Non a caso anche la conversazione con le simpatiche e attempate cuoche si svolge esclusivamente in russo e i commenti delle tre donne sui manifestanti di Kiev e sulla richiesta di adesione dell’Ucraina all’Unione Europea sono ben poco benevoli. Continuiamo a chiacchierare mentre consumiamo pel’meni, carne, patate, birra e infine un pesante pirožok, la tipica pastella ripiena, tipico cibo russo che può essere ripieno di carne, patate, cavolo o, come in questo caso, frutta.
Sazi, ci ritiriamo a dormire presto per essere il più in forma possibile nelle ultimissime tappe che ci separano dalla destinazione.

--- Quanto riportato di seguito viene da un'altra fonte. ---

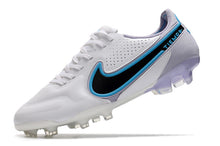 Carregar imagem no visualizador da galeria, Nike Tiempo Legend 9 Elite FG - Branco Azul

Ritorno a Volgograd – Giorno 3 sera

Una barricata in piazza Majdan.

Dopo esserci installati nel tardo pomeriggio all’hotel Slavutyč di Kiev, decidiamo di recarci in centro a vedere con i nostri occhi cosa succede nell’area di piazza dell’Indipendenza, nota come Majdan, cuore del presidio antigovernativo. Saggiamente decidiamo di lasciare il nostro Daily nel sicuro parcheggio dell’albergo e utilizziamo i mezzi pubblici, che come in tutti i paesi dell’ex Urss sono molto funzionali e anche economici (basti pensare che con l’equivalente di un euro acquistiamo le sei corse in metropolitana per l’andata e il ritorno). Già durante il viaggio incontriamo diversi manifestanti con bandiere ucraine o delle forze politiche di opposizione. Giunti alla fermata Teatral’na assistiamo ad un evento curioso che per certi aspetti ricorda un flash-mob. Ma probabilmente non si tratta di uno degli eventi estemporanei di moda in Occidente organizzati da ragazzi tramite social network: protagonisti sono infatti tantissimi anziani, alcuni dei quali in costumi tipici, che ballano abilmente musiche tradizionali suonate da musicisti di strada.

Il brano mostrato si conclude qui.